Setelah
menyadur cerita Romeo & Juliet (1597) karya Shakespeare dalam
Gnomeo & Juliet (2011), kini giliran cerita dari Conan Doyle lewat
Sherlock Holmes-nya yang kemudian disadur dalam bentuk animasi parodi
oleh para patung kurcaci taman. Mengetengahkan kisah Gnomeo (James
McAvoy) yang kini sudah menikah dengan Juliet (Emily Blunt). Keduanya
terpilih sebagai pemimpin gnomes di
taman tempat mereka tinggal. Disinilah naskah garapan Ben Zazove yang
berdasar atas ide cerita dari Kevin Cecil, Andy Riley, Emily Cook dan
Kathy Greenberg memasukan konflik utama.
Gnomeo merasa dilupakan oleh Juliet yang sibuk mengurus taman, terlebih kala Juliet dihadapkan pada sebuah relokasi baru. Pertengkaran pun tersulut, namun pasca mereka kembali lagi ke taman, para gnomes sudah hilang. Ditengah kebingungannya, mereka bertemu dengan Sherlock (Johnny Deep) beserta sang asisten, Dr. Watson (Chiwetel Ejiofor) yang menemukan sebuah petunjuk terkait dalang menghilangnya para gnomes, yakni sang musuh bebuyutan mereka, Moriarty (Jamie Demetriou).
Tentu fokus cerita adalah menemukan para gnomes yang diculik oleh Moriarty, berbekal petunjuk yang ditemukan oleh Sherlock, kita diajak pada sebuah petualangan hide and seek yang cukup menyenangkan meski dibeberapa adegan naskahnya sendiri terasa bak sebuah tarik ulur. John Stevenson (Shrek, Shrek 2, Kung Fu Panda) masih mengikuti pakem dalam mengemas filmnya supaya tampil menarik, terlebih mencakup penonton dengan rating PG-13. Namun untuk penonton anak-anak rasanya menonton film ini kuranglah tepat, terlebih mengenai slapstick-nya yang tak pantas untuk ditonton seumuran mereka.
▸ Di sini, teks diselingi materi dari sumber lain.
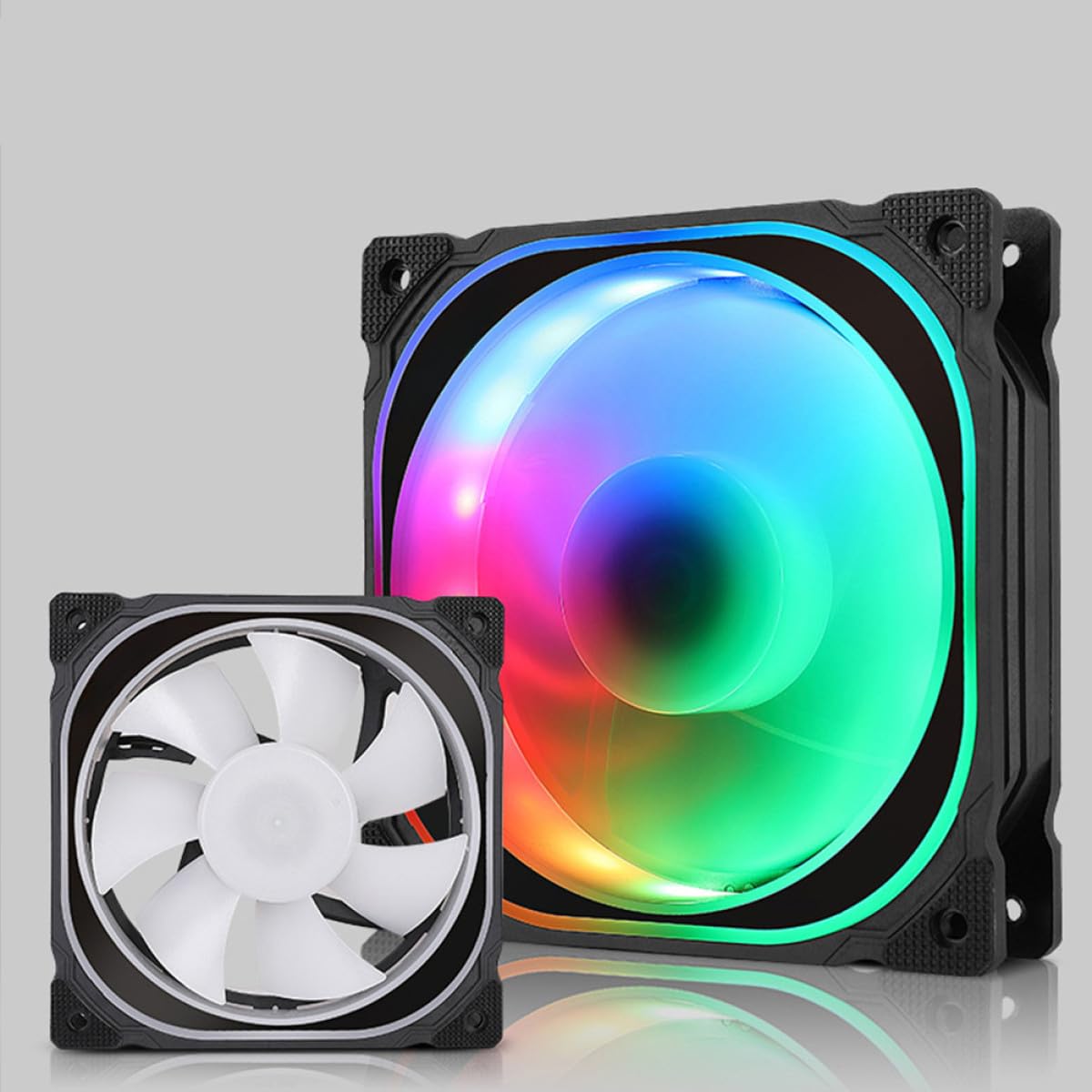 Ventilador de Refrigeración LED Rgb de 12cm para Computadora con Controlador Estándar y Plástico, para Fiesta Verano y Sistema de Refrigeración de PC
Cakupan aksinya terbilang medioker, kala salah satu dari mereka akan merenggut bahaya, kita tahu mereka tak akan meregang nyawa. Sherlock Gnomes memang bukanlah sebuah tontonan yang buruk, namun terlampau biasa untuk para penonton dewasa, pun selepas film usai jangan harap adegan yang ditampilkan akan mengendap lama di ingatan, meski sebuah twist di penghujung cerita digunakan pun semuanya tak menghadirkan sebuah impact yang signifikan.
Ya, Sherlock Gnomes adalah sebuah popcorn movie, dimana eksekusi hanya ditujukan sebagai tontonan ringan alih-alih selayaknya. Saya selalu suka bagaimana Stevenson menggunakan ilmu forensik guna memecahkan setiap petunjuk oleh Sherlock. Pun komedinya meski bukanlah hal yang baru, namun cukup efektif menyunggingkan senyum, sebutlah kehadiran tokoh katak dengan lipstik tebal plus tingkah nyeleneh miliknya.
Menyandingkan animasi garapan Paramount Pictures dengan Disney rasanya bukanlah hal yang tepat. Animasi Paramount lebih menekankan pada sebuah hiburan belaka, membuat filmnya sekedar untuk have fun dan mengocok perut. Itu tujuan utama filmnya, sehingga sebuah kewajaran pun patut untuk dialamatkan pada film ini. Meski dalam lubuk hati yang paling dalam, keinginan saya bagi animasi garapan Paramount Pictures mampu menampilkan apa yang ditampilkan Disney dalam segala aspek. Mungkin suatu hari nanti.